Aset kripto tak bisa dipakai bertransaksi di Indonesia.

EPA
Sejumlah mata uang kripto di dunia, Bitcoin (bawah kanan), Ethereum (tengah), Ripple (kanan), dan Cardano (kiri).
Rep: Novita Intan Red: Nidia Zuraya

REPUBLIKA.CO.ID, JAKARTA -- Otoritas Jasa Keuangan (OJK) telah menerangkan sejumlah risiko jika menaruh dana pada aset kripto.

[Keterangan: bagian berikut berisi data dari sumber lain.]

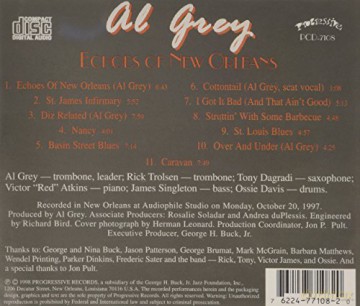 Grey Al: Echoes Of New Orleans [CD]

Setidaknya ada sejumlah risiko aset kripto yang dicermati oleh OJK. 

Baca Juga

Pertama, aset kripto tak bisa dipakai berbelanja di Indonesia karena aset kripto saat ini merupakan jenis komoditi, bukan sebagai alat pembayaran yang sah.

"OJK telah berkoordinasi dengan Bank Indonesia sebagai otoritas pembayaran dan menyatakan bahwa mata uang kripto bukan merupakan alat pembayaran yang sah di Indonesia,” ujarnya dalam keterangan resmi seperti dikutip Selasa (25/5).

Kedua, aset kripto memiliki nilai yang fluktuatif dan tidak terkendali, yang sewaktu-waktu dapat naik dan turun, sehingga masyarakat harus paham dari awal potensi dan risikonya sebelum melakukan transaksi aset kripto.

Ketiga, aset kripto tidak diawasi oleh OJK. Sebagai informasi, saat ini OJK tidak melakukan pengawasan dan pengaturan atas aset kripto, melainkan oleh Badan Pengawas Perdagangan Berjangka Komoditi (Bappebti) Kementerian Perdagangan.

Merujuk pada Peraturan Bappebti Nomor 5 Tahun 2019, crypto asset atau aset kripto adalah komoditi yang tidak berwujud yang berbentuk digital aset, menggunakan kriptografi, jaringan peer-to-peer, dan buku besar yang terdistribusi untuk mengatur penciptaan unit baru, memverifikasi transaksi dan mengamankan transaksi tanpa campur tangan pihak lain.

Bappebti telah mengeluarkan daftar aset kripto yang dapat diperdagangkan dan pedagang aset kripto yang telah mendapat persetujuan untuk melakukan transaksi aset kripto.